What is sea moss (Irish moss)?
Even so, says Foroutan, sea moss can play a role in promoting health and fighting disease.
“This particular type of seaweed has long been used medicinally around the world,” she says. “When a food has been around in medicine for this long, there’s usually some truth to it, even if we don’t have the research to back it up.”
- Anti tumor
Below are some of the other proposed health benefits associated with sea moss that may warrant further studies in humans. Keep in mind that the data so far has mostly come from studies in animals, not people, and some of the purported benefits are only theoretical and require further research to be confirmed.
Improved gut health
Studies that have focused on sea moss in particular primarily support the idea that when consumed in supplement form, this seaweed may benefit gut health, says Kristin Kirkpatrick, RDN, of the Cleveland Clinic Wellness Institute. based in Denver, Colorado.
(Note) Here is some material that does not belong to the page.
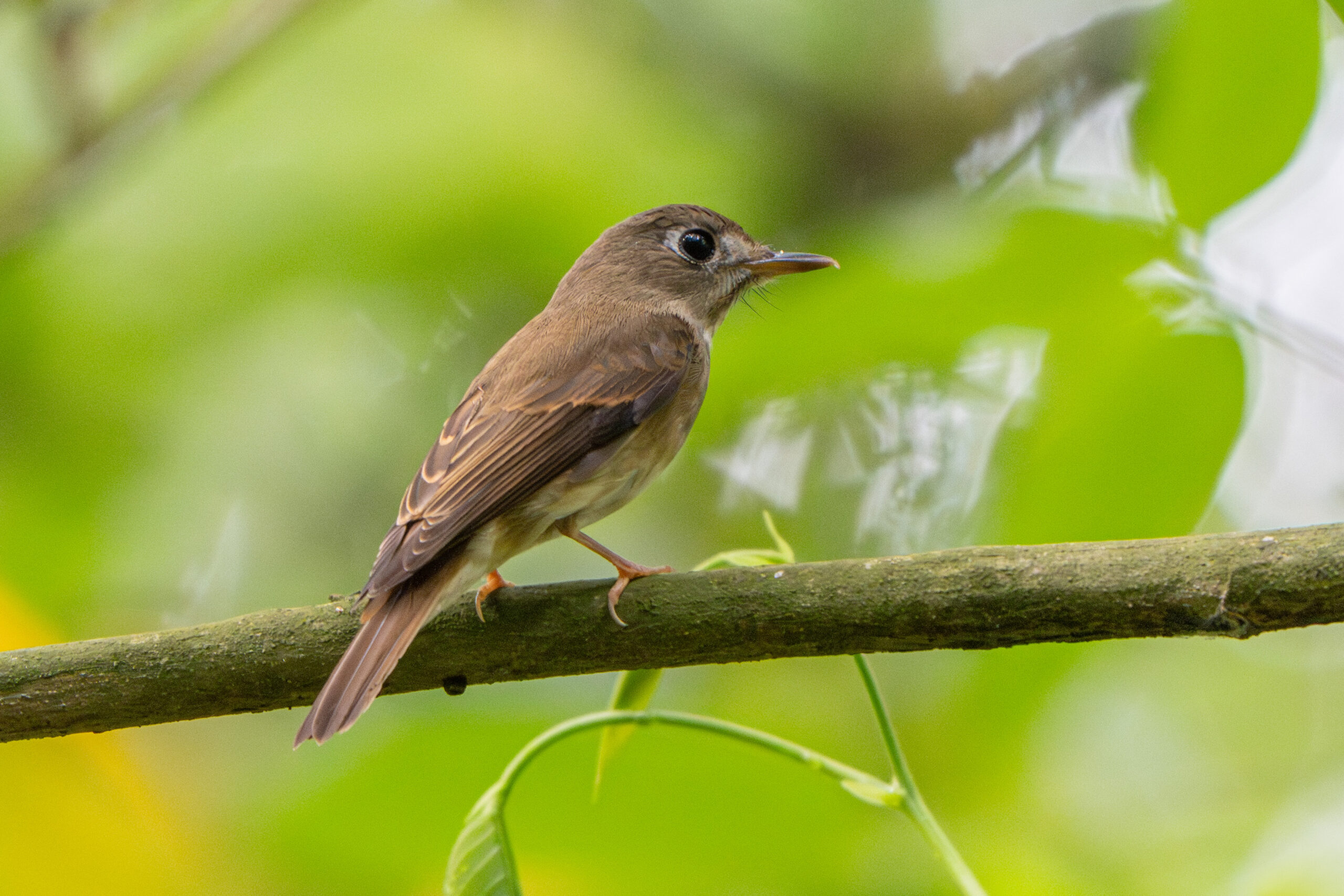 Brown-breasted Flycatcher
Sea moss contains prebiotic mucilage, a type of fiber that provides food with beneficial gut microbes, which in turn may support gut health.
Sustained weight loss
Fiber is satiating, which means it may help you feel full longer and reduce the risk of overeating, but keep in mind that this effect has not been formally studied in sea moss. .
May improve heart health
Lower likelihood of developing certain cancers
These anticancer properties can also be attributed to the carrageenan content of sea moss and may even be helpful when combined with chemotherapy treatments.
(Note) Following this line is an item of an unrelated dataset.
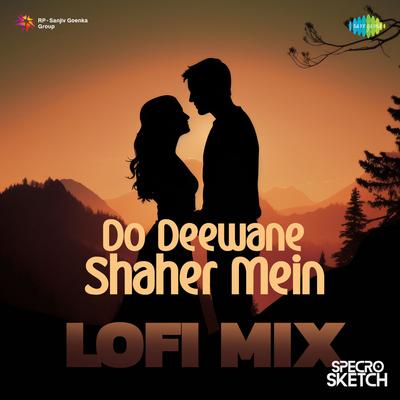 Do Deewane Shaher Mein - Lofi Mix's cover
But more human studies are needed to confirm the potential role of sea moss in cancer prevention and treatment.
More powerful treatment against HPV infection
Sea moss also appears to be gaining popularity as an ingredient in natural skin care products, although research on this use is lacking. In addition to its nutrients and antioxidants, sea moss contains sulfur, which can help treat acne as well as fungal and yeast infections of the skin, says Karan Lal, MD, board-certified dermatologist with Schweiger Dermatology. Group in Hackensack, New Jersey. Amino acids in foam, such as arginine, may also benefit the skin by promoting the replacement of dead skin cells, Dr. Lal says.